Long non-coding RNAs (lncRNAs) have emerged as useful prognostic markers in many
tumors. In this study, we investigated the potential application of
lncRNA markers for the prognostic prediction of
esophageal squamous cell carcinoma (ESCC). We identified ESCC-associated lncRNAs by comparing ESCC tissues with normal tissues. Subsequently, Kaplan-Meier (KM) method in combination with the univariate Cox proportional hazards regression (UniCox) method was used to screen prognostic lncRNAs. By combining the differential and prognostic lncRNAs, we developed a prognostic model using cox stepwise regression analysis. The obtained prognostic prediction model could effectively predict the 3- and 5-year prognosis and survival of ESCC patients by time-dependent receiver operating characteristic (ROC) curves (area under curve = 0.87 and 0.89, respectively).

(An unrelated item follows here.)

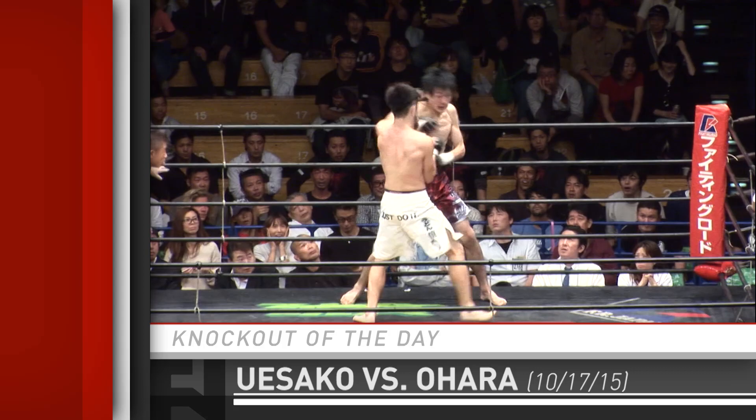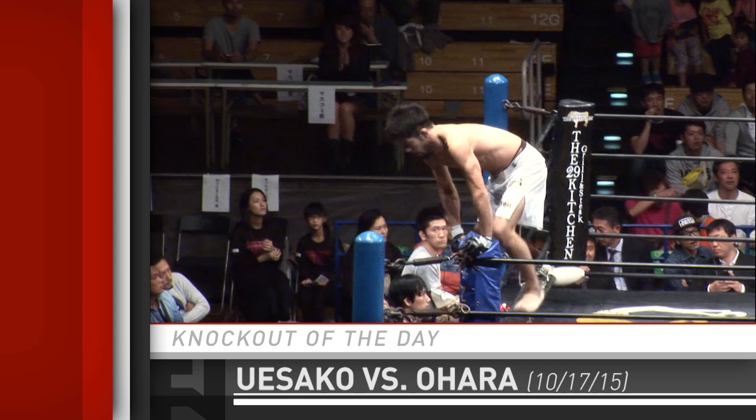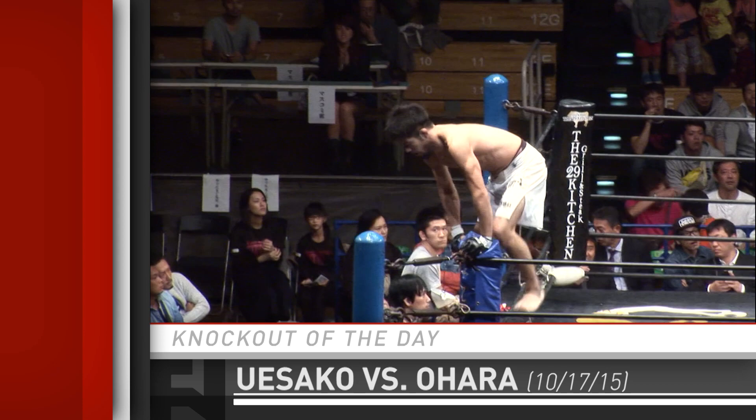He gets a separation — oh man, does he rip him with a right hand! What a great battle we have here at 155 pounds. Yuji Shimada steps in — and should he have? I'm feeling yes, you'll see.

Besides, a
lncRNA-based classification of ESCC was generated using k-mean clustering method and we obtained two clusters of ESCC patients with association with race and
Barrett's esophagus (BE) (both P < 0.001). Finally, we found that
lncRNA AC007128.1 was upregulated in both ESCC cells and tissues and associated with poor prognosis of ESCC patients. Furthermore, AC007128.1 could promote epithelial-mesenchymal transition (EMT) of ESCC cells by increasing the activation of MAPK/ERK and
MAPK/p38 signaling pathways. Collectively, our findings indicated the potentials of
lncRNA markers in the prognosis, molecular subtyping, and EMT of ESCC.